What does this mean for the future? I assess that the ANSF will successfully reach full strength and that the ANA will improve its capability. So as NATO reduces it will, for example, be capable of holding those areas in southern Afghanistan that are now clear of insurgents. But the NATO drawdown makes it far less likely the Haqqani Network’s strongholds in south east Afghanistan can be cleared, let alone held and built or that Haqqani efforts to mount spectacular attacks can be fully interdicted. And as Nigel says, this is unlikely to be complemented by Pakistan tackling Haqqani bases in North Waziristan.

 

The ANP capability is less advanced than the ANA. It will improve, but its ability to improve the lot of the ordinary Afghan depends on corresponding improvements in the whole machinery of justice, including courts, lawyers and prisons. These areas lag even further behind, as shown by the Kandahar jail break and NATO’s recent refusal to sent its detainees to Afghan prisons..

 

Despite the US “civilian surge”, it is far from clear that that there will be sufficient improvement in Afghan governance and reduction in corruption to neutralise the root causes of the insurgency, even in areas that have been “cleared and held”. An important “known unknown” is the extent to which insurgents are motivated by the extent to which insurgents are motivated by the presence of foreign troops. Insurgent “foot soldiers” and leaders whose principal motivation is nationalist resistance to infidels might lay down their arms if foreigners withdrew.

 

The most likely security outcome in 2015 is a situation much like today, a patchwork of security with the ANSF suppressing much insurgent activity in many areas but others, such as eastern Afghanistan remaining under insurgent sway.

 

The US and NATO footprint from 2015 will be influenced by the confidence of Afghan authorities and their desire to exert their national sovereignty. This could well include rejecting foreign advice and assistance and insisting that any foreign troops or personnel remaining in Afghanistan operate under Afghan direction. Contributing nations will be attempting to minmise their footprint in Afghanistan, especially in terms of numbers of boots on the ground, reducing their people to a minimum numbers of advisors, principally in training bases and the Kabul ministries.
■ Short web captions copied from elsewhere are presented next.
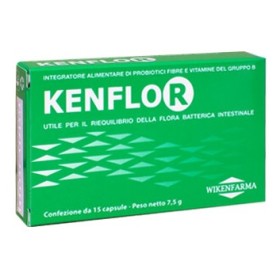 Wikenfarma Kenflor 15 Capsule Blister 7,5 G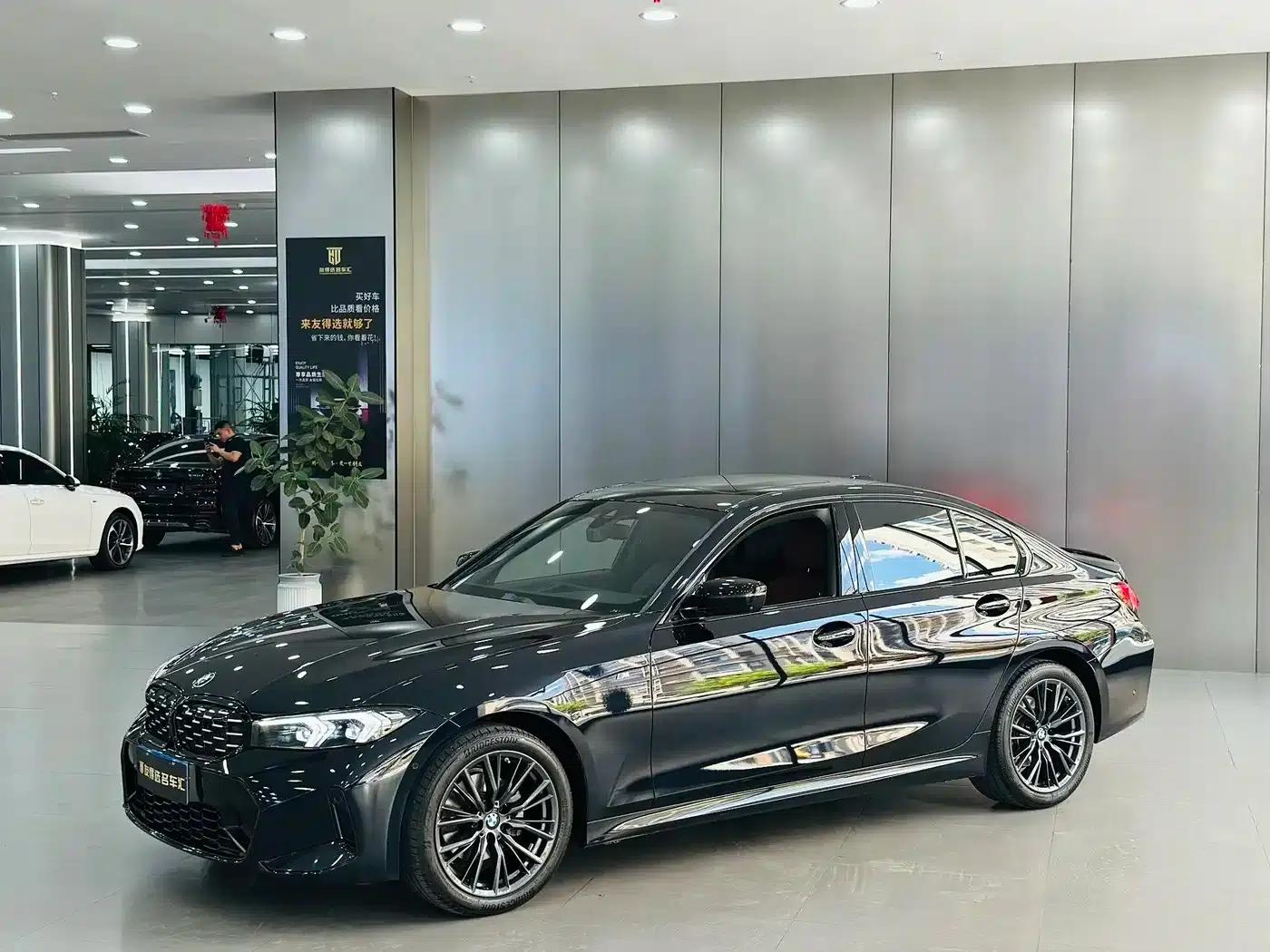 2023 BMW 3 Series 325i M Sport Shadow Edition — миниатюра 1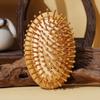 High Quality Hair Comb Bamboo Massage Comb Wooden Brush Solid Wood Bamboo Cushion Anti-Static Hair Brush Combs Travel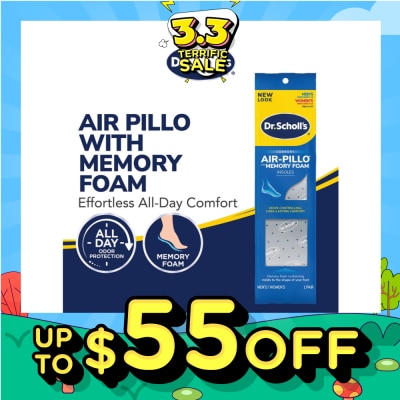 DR SCHOLL’S Dr Scholl's Comfort Double Air Pillo 1 Pair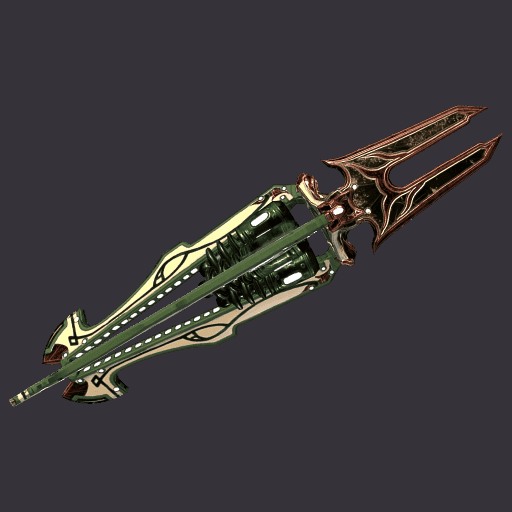 Sancti Castanas в Warframe
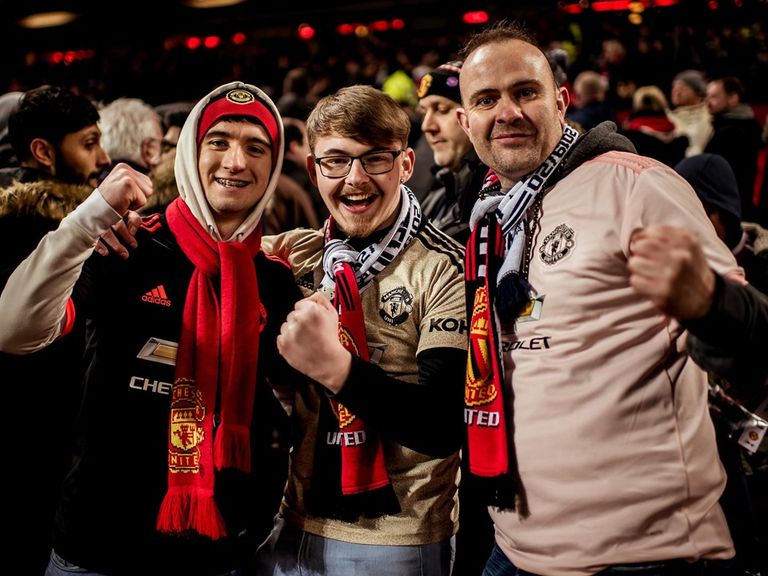 جمهور مانشستر يونايتد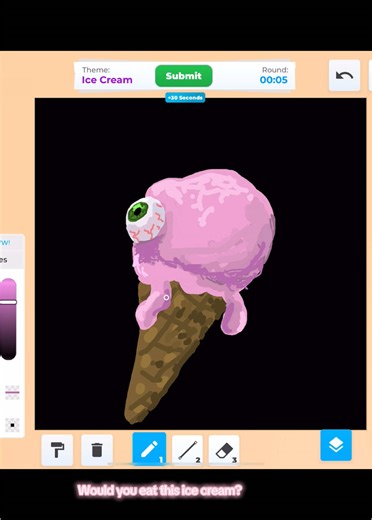 Exploring Creative Scary Drawings in Roblox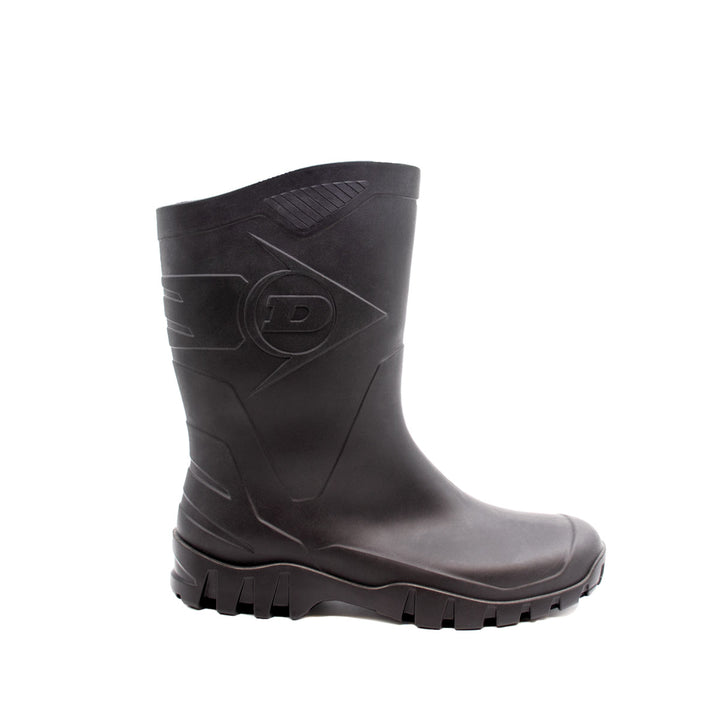 Vista lateral Bota Dunlop Dee (Negro)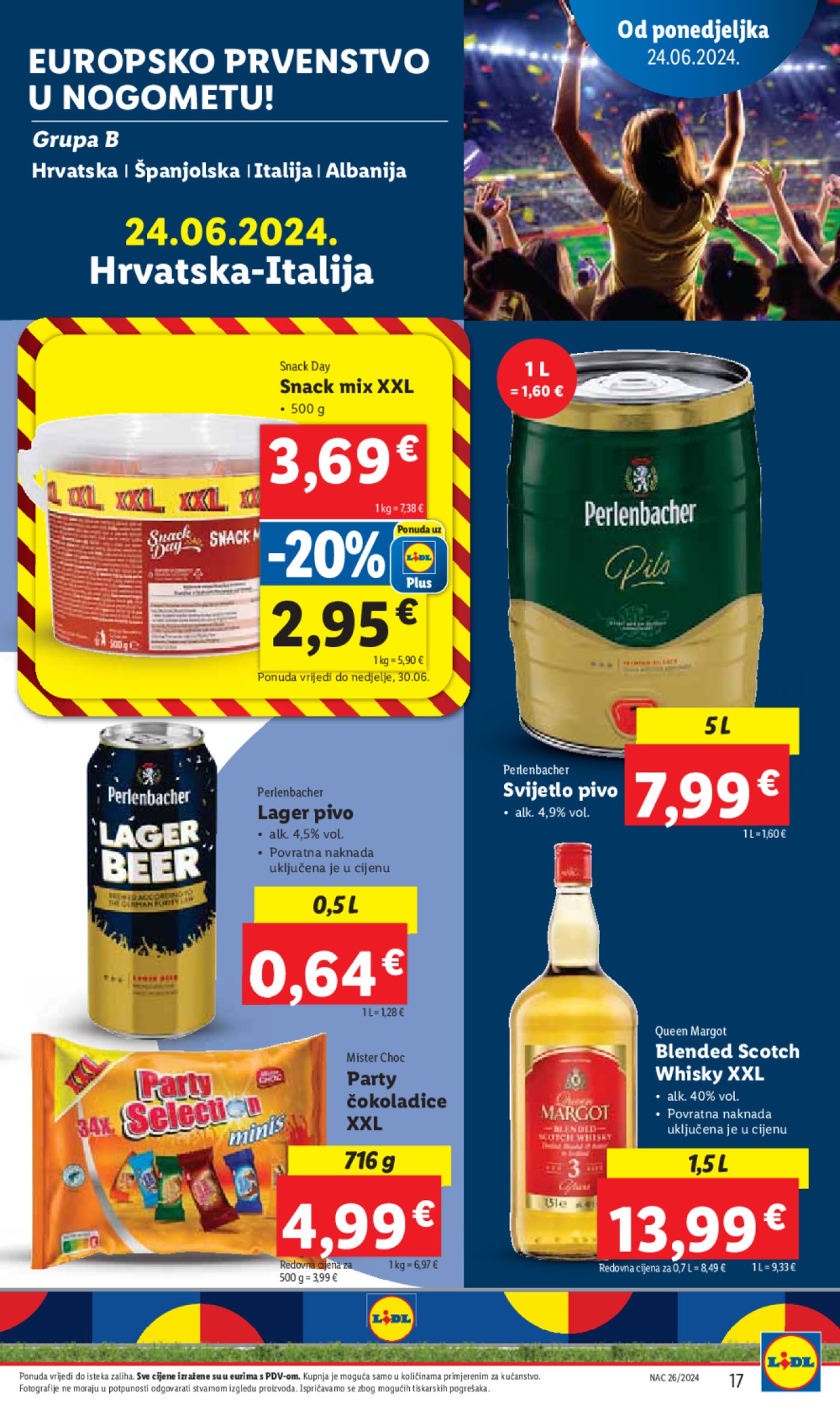 Lidl Super ponuda od Ponedjeljka 24.06.-30.06.2024.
And it may be possible to provide the fixed wing air support required by Afghan forces from outside the country, from bases in the region, or from aircraft carriers in the Indian Ocean. This combination of regional and seaborne basing might also be sufficient for any US Special Forces needed to counter any residual Al Qaida threat beyond the capability of the ANSF.

 

A key constraint will be the affordability of the ANSF. By 2015 they will probably cost about cost $6 Billion a year, almost all of which is currently provided by foreign donors. Balancing the need to counter residual insurgency and meet Afghanistan’s as yet undefined external security requirements, with the likely national and international resources available will be a significant challenge.

 

If might be possible, or even necessary, to reduce the size of the ANSF. For example if the security situation improves, or Afghan government finnaces contrac.  This would potentially allow literate, numerate, well-trained and self-confident people to make a wider contribution to the future of Afghanistan. But Afghan economy, security and political climate has not improved sufficiently, there will be strong incentives for these people to use their skills in the service of warlords or criminal enterprises.